Dates are a big topic, lots to learn.  The trees are dangerous, have strange, primitive sex lives (aided by humans) and I've learned more about them than I dare relate to you in my delerious, flu-ridden state.   On my pics page, there's one of  Travis showing you some ripe dates, ready to be shaken from the tree.  The old clothes keep the birds away.  Another pic (same place) shows Travis again, in the sorting room.  He grew up here, doing this.  And running around barefoot on the rocky, thorny hills & cliffs. 

After lots of date-talk and delicious date milkshakes, we got a special trip to the hot springs, which are in the middle of a big open plain between two rocky ridges.  We were the only ones there, on a saturday.  In fact, we have yet to see another human being since we left the highway, except Travis' parents and their groovy staff at the ranch.  The path to the hotsprings is marked by a sign that we just couldn't take seriously (see bottom row of pics on my pics page).

"Mud mites?"  yeah, sure!  In a way, I guess we cursed ourselves by so foolheartedly admonishing its warning.  Same as when we said "aw, those 'check engine soon' lights just come on sometimes for no reason!" and kept singing songs of the seventies at the top of our lungs while we were lost in Gilroy.  As you can see, we enjoyed the mudbath/hotsprings without hesitation, and nobody was bitten.  And the van is still going.  ..

But we are super-sick.   Ooh boy, gotta go.

A large pack of coyote visited us around 3am today.  They yipped and hollered and cried.  I am ready for them to visit again - I put two mics out to record them.  If I succeed, I'll put it up as a song tomorrow on my music player thingy.

Exhausted,

Jim

 

Friday, February 02, 2007 

I'm leaving this morning for my first "tour" in some time.  Actually going with a band this time, the incredible Miraflores.  Three of the sweetest, smartest, and most innately talented fellows you'd ever want to share a long vanride with.  We have scheduled 5 days off in Death Valley to work on their new record, and have packed up the mobile recording studio into their van. 

At 8:19am, I'm sitting in the recording studio, full of anticipation for the trip, but have a few appointments to make before I depart:  Lewi Longmire has some last minute edits on his record, Ashleigh Flynn and Hillstomp both have the same.  I have them scheduled for 8am (yes, somebody's late), 8:30am, and 10:30am.  Leaving at noon.

It's all going to be beautiful.  The stupendously sparky and talented Raina Rose is flying in to sing harmonies on this tour.  The lovely and genius Megan Slankard is joining us in the Bay Area.  George Cattermole at the General store will be unable to contain his excitement.  I'll say this and only this:  these gals are WAY better looking than me or my old bandmates.
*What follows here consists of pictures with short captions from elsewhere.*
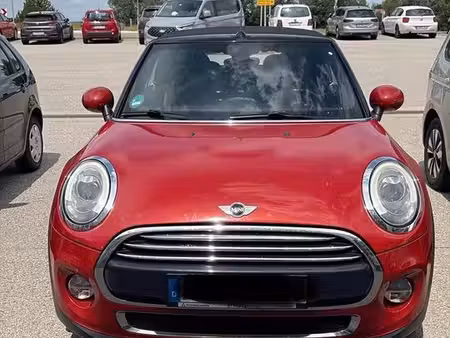 Mini Cabrio Cooper 1.5 136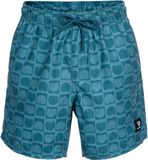 Brunotti Cestery-Mini Zwembroek Mediterranea Jongens Sportieve Swim Short 4-way stretch Met Zakken 164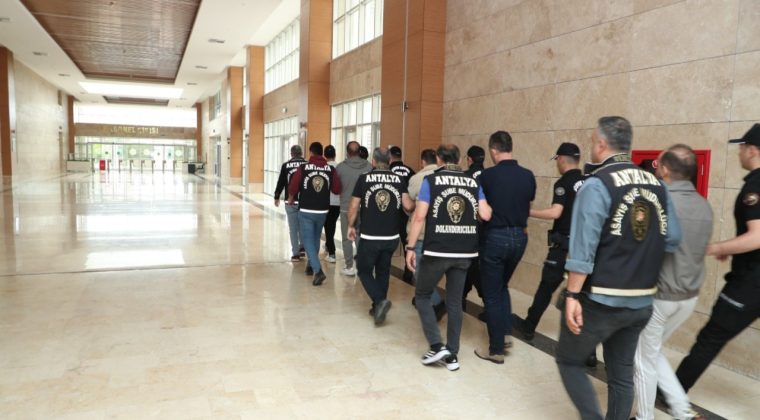 120 Milyonluk Dolandırıcılık: Kiralık Araçları Sattılar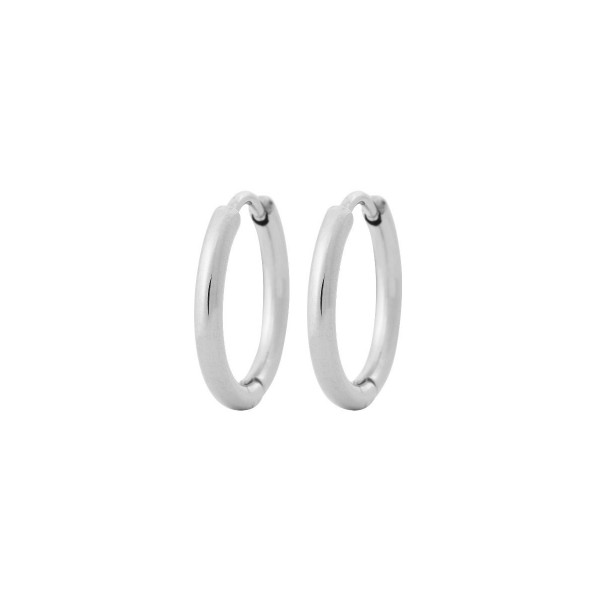 TRIPLE PAIR HOOPS STEEL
Here's my problem:  I'm nervous about my dogs.  This has always been a problem with touring - I can only imagine how musicians with human children cope with it.  I'm leaving behind Medford, my 16-year old Chesapeake Bay retriever mix (supposedly she's half doberman).  She may be dead when I return.  We've been wrestling with her mortality for several years; she keeps hitting low points and then bouncing back.  A trip to the beach always seems to reinvigorate her and endow her with all the outward signs of vibrant puppydom.  She dodges the vet's needle once again.
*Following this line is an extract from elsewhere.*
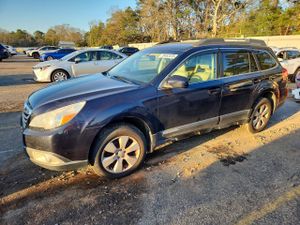 Subaru Outback 2.5L 4 2012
As I'm packing my bags and she's doing her usual clingy thing.  Every time the suitcase comes out of the closet, Medford statically adherres herself to my side, becoming a slowly moving obstacle to my frantic packing and a constant, nagging doubt as to whether I should be travelling at all.  Only now she can barely stand, and is actually whimpering.  Jesus.  I bring her with me to the studios, nudge her up the stairs, and realize I may not see her again. 

Dooley:  her youthful brother, a dumbass, 140 pound lab/great dane mix, is coming with.  He's the king.  Julie would have it no other way.  I will report on our adventures, and with luck, find interesting things to report at this post.